Historical information
This a cast of the first baby to be delivered under anaesthesia, by the use of ether, in Edinburgh on 19 January 1847. The baby was delivered through a severely deformed pelvis, suffered a large indentation to the skull and did not live.
The famous physician James Young Simpson, Professor of midwifery at Edinburgh University, attended this birth and wrote about it in the Monthly Journal of Medical Science 1846-7 Vol.7, p649-640. The cast of the baby's head was given to Lance Townsend, Professor of Obstetrics and Gynaecology, University of Melbourne by Robert Kellar, then Professor of Midwifery and Diseases of Women at the University of Edinburgh, when Professor Townsend was visiting Edinburgh.
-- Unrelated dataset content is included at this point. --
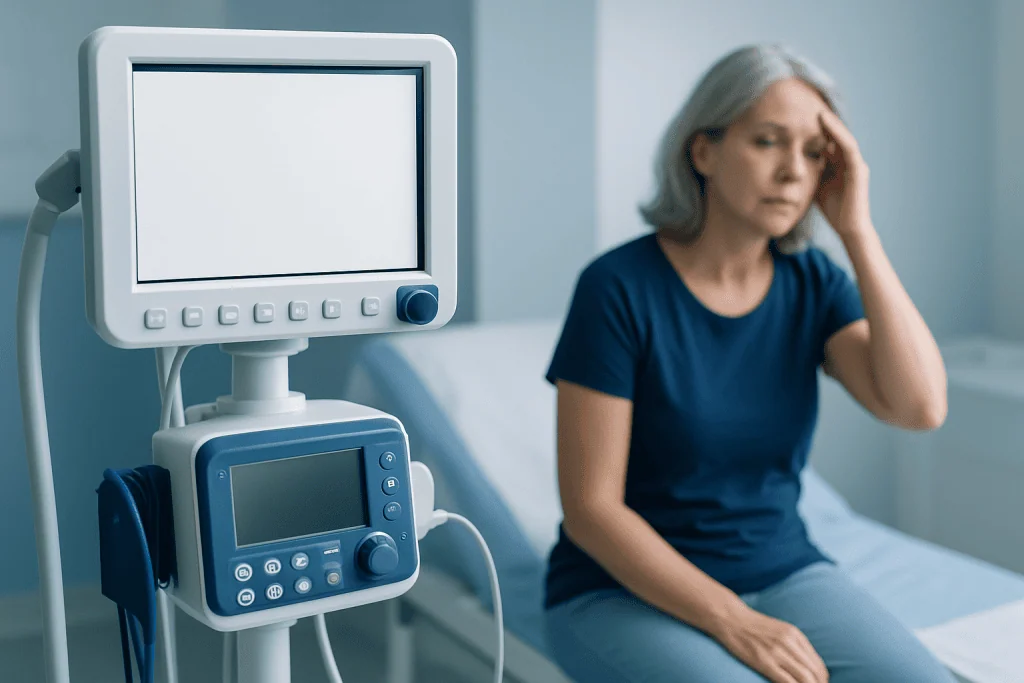 Why Hormonal Changes May Be Involved — lightheaded and menopause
There is at least one other plaster copy; one is located at Wood Library-Museum of Anesthesiology, 520 North Northwest Highway, Park Ridge, IL 60068-2573, USA
Physical description
Replica model of a newborn baby's head. The model is made of plaster, life-size, and is painted white. The model of the head shows a large indentation of two and a half inches in the skull on proper right, and a smaller dent on the proper left. Head is on a rectangular base. Label attached beneath the base of the object explains the significance of the object and notes that the model comes from the obstetric museum of the University of Edinburgh.